___ AVAILABLE DATA ___

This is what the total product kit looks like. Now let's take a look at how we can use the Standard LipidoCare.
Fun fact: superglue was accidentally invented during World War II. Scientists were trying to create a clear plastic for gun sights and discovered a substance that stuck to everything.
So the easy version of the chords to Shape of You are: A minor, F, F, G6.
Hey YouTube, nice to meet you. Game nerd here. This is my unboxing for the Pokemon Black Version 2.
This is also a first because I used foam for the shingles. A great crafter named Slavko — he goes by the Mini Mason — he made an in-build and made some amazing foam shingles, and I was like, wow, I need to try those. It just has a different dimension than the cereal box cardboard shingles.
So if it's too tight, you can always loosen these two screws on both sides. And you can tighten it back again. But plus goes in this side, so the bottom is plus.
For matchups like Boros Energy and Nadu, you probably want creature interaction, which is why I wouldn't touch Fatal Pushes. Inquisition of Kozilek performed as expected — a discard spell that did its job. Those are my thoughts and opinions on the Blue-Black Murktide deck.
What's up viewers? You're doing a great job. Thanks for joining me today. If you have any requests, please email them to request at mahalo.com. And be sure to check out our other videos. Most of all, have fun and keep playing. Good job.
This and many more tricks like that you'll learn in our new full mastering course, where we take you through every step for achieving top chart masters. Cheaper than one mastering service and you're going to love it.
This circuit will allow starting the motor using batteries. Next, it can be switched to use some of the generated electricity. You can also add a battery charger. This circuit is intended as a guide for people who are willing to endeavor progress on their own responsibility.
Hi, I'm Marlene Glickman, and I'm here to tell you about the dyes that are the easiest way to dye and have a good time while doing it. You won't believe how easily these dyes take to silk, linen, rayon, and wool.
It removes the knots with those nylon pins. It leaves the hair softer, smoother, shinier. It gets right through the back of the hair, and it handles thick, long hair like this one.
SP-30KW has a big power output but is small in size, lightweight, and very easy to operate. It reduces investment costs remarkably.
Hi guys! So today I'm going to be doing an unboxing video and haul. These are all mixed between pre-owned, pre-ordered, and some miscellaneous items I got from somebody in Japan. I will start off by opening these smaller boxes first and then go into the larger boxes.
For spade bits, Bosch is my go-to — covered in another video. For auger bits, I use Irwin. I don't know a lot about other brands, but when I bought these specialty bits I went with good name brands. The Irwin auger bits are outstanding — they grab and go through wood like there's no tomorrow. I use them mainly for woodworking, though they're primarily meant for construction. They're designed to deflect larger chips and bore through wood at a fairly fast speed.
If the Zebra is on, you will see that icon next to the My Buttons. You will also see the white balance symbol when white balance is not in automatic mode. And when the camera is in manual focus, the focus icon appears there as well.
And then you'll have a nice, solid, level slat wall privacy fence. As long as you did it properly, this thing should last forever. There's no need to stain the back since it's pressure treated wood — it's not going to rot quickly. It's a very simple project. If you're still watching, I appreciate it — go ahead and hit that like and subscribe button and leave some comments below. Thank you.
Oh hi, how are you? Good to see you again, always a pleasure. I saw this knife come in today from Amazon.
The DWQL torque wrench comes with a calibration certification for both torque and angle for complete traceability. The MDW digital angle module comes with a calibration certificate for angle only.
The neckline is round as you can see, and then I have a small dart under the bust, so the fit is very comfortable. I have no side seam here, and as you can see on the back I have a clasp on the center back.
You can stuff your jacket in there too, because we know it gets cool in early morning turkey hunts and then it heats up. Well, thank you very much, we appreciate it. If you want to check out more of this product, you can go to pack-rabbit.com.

___

TASK TO CARRY OUT:
All lines of the listing holding the string "take" must be returned, copied as they stand.

RESPONSE BOX:
This is what the total product kit looks like. Now let's take a look at how we can use the Standard LipidoCare.
This and many more tricks like that you'll learn in our new full mastering course, where we take you through every step for achieving top chart masters. Cheaper than one mastering service and you're going to love it.
Hi, I'm Marlene Glickman, and I'm here to tell you about the dyes that are the easiest way to dye and have a good time while doing it. You won't believe how easily these dyes take to silk, linen, rayon, and wool.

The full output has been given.